One of the overall garden goals is to build your topsoil. This is the uppermost level of your garden where most of your plant's roots will be growing and where the majority of nutrients live.

Below, we'll show you how to make your garden soil as nourishing as possible with 7 easy steps. Keep in mind that you'll want to start the process at least a month before planting so that you can make all the necessary adjustments in time.

1. Test the Soil

Garden soil pH test strips

Garden soil pH test strips

First things first: do a soil test. Knowing more about your soil will help you to determine what your soil is lacking or has too much of so you can adjust accordingly.

You can purchase an inexpensive soil testing kit from a garden store which will give you some general information. Keep in mind that these tests are not as accurate and don't include as much info as ones done in a lab.

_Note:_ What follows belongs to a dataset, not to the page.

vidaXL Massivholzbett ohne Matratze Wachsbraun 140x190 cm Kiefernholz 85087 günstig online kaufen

You can also contact your county extension office. Most extension offices provide low-cost soil testing. These soil tests will let you know your soil's pH, nitrogen, phosphorus, and potash levels as well as the level of organic matter.

2. Add Compost

Compost in a pile ready to add to the garden soil

Compost in a pile ready to add to the garden soil

Healthy soil is rich in compost. Composting is an ongoing investment in your garden. It's like a savings account. You add money – or in this case livestock manure, straw, grass clippings, and weeds. As a result, your compost grows and builds interest and pays dividends. Your dividend is that dark, rich soil conditioner we call compost.

If you haven't started a composting area, it’s never too late.

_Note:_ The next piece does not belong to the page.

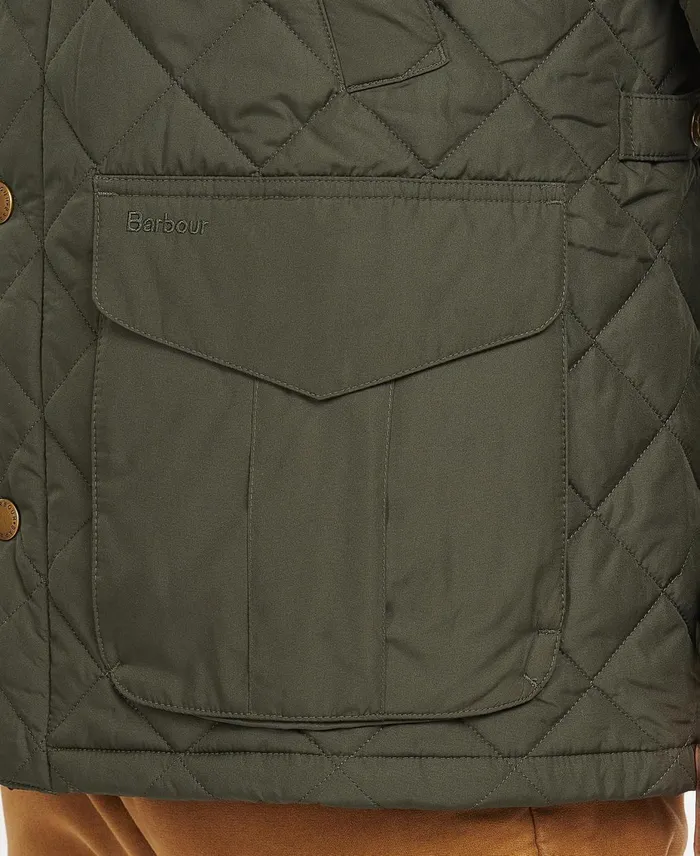 Men Quilted Jackets Barbour Devon Quilted Jacket Olive Men Quilted Jackets Barbour Devon Quilted Jacket Olive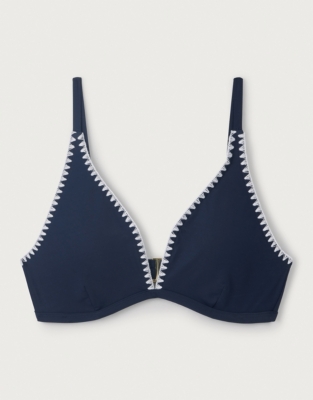 Contrast Stitch Bikini Top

But what if you are starting out with gardening and you don't have the time or materials to develop a compost pile? You can purchase compost from your local garden store. I recommend a mix of compost and peat moss because the peat moss adds texture to the soil.

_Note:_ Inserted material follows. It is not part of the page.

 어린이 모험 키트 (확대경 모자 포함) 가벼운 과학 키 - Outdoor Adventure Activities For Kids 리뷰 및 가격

Once you have your compost, spread 2 inches of it over the area where you intend to plant.

3. Amend Problem Soils

Depending on the texture of the soil that you have, you may want to amend it to make it friendlier to plant life.

Clay soil tends to clump together when wet. This reduces airflow in the soil and can make it hard for roots to grow. For clay earth, add coarse contractors sand (not beach sand), compost, and peat moss until you have an airier, lighter texture.

Sandy soil lets water drain too fast, and nutrients leech out. To fix sandy earth, add several inches of compost and peat moss. If things are really bad, add some sawdust and nitrogen. Sawdust will absorb some of the existing nitrogen in your soil, so you need to boost it a little.

If you have silt soil, add coarse contractor's sand or pea gravel and lots of compost. Silt doesn't hold nutrients as well, and it drains poorly.

If you don't know what kind of soil you have, put some earth in a mason jar and shake it up. The next day, check the jar and you'll see layers with sand at the bottom, clay on top and silt in the middle. If you have a lot of one type and not another, that's the type of soil you have.

4. Adjust pH

Now it's time to put that soil test to work. The soil's pH tells you the level of acidity and alkalinity in your earth. Why is pH important? Your pH level tells you how available the nutrients in the soil are for your plants. Some plants are particular to what the soil pH is.

For example, say I want to grow potatoes. Potatoes need a lower pH than many other vegetables. They do best in slightly acidic soil of 5.2 – 6.0.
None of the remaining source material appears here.